Mally plays Dylan

Das österreichische Blues-Urgestein hat im letzten Jahr ein wunderbares Dylan-Album veröffentlicht

Copyright: Timezone Records

Ja, es ist manchmal schon irre. Da beschäftigt man sich irgendwie eigentlich schon fast täglich mit Bob Dylan und trotzdem habe ich im vergangenen Jahr mit „Mally plays Dylan“ ein sehr schönes Dylan-Cover-Album verpasst. Und dass ich es jetzt doch entdeckt habe, habe ich dem tollen Blues- und Folkmusiker Biber Herrmann zu verdanken. Denn der hat mich für ein Konzert in meiner Americana-Reihe mit dem österreichischen Blues-Urgestein „Sir“ Oliver Mally in Kontakt gebracht. Ein Musiker, der in seiner Heimat sehr geschätzt wird und dort als der „beste Blues-Sänger des Landes“ („Die Presse“) bezeichnet und sogar zu den Vertretern des „besten Blues Europas“ (Musikzeitschrift „Concerto“) gezählt wird.

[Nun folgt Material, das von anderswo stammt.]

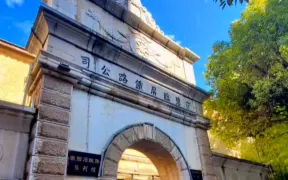 1-Day Gejiu Tour: Explore Laoyinshan Scenic Area, Gejiu's Historical and Cultural Sites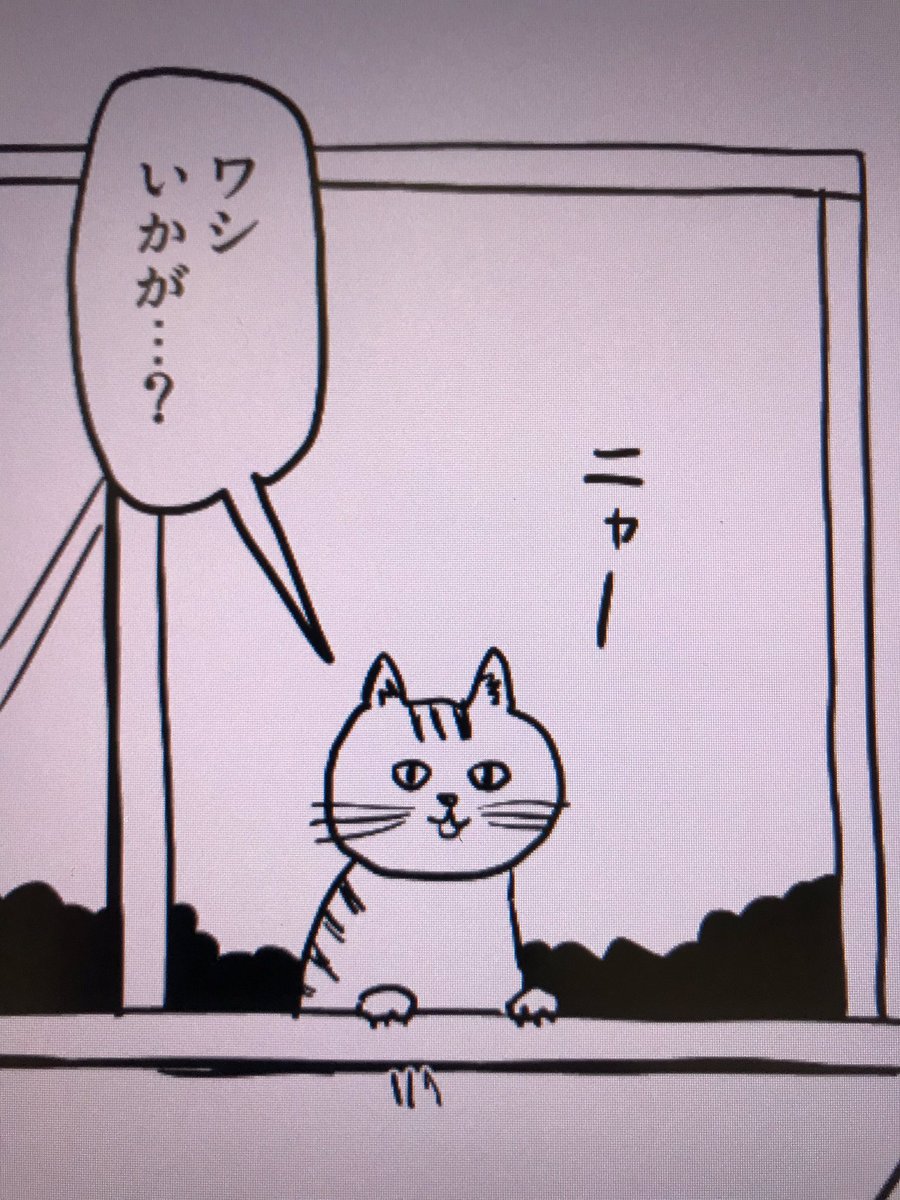 コミティア新刊RTAに成功したので多分新刊あります（8P・しゃべる猫のまんが）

Trotz aller Lobeshymnen ist der Mann auf dem Boden geblieben. Ein herzlicher, lebensbejahender Musiker, der erst den Blues für sich adaptiert, und in den letzten Jahren sich verstärkt in Richtung Singer-Songwriter entwickelt hat. Und so vereint er mittlerweile das Beste aus beiden Welten. Er hat den Blues, das Gefühl dafür und den Drive und er erzählt Geschichten, die hörenswert sind. Beeinflusst ist er in Sachen Singer-Songwriting von Größen wie Steve Earle, Townes van Zandt und natürlich Bob Dylan, dem er eben im letzten Jahr ein ganzes Album gewidmet hat.

Wagna, nicht Wien

Denkt man an Österreich und Bob Dylan, dann denkt man natürlich unwillkürlich an Wolfgang Ambros und die besondere österreichische, Wiener Dylan-Rezeption, Stichwort „Austro-Bob“.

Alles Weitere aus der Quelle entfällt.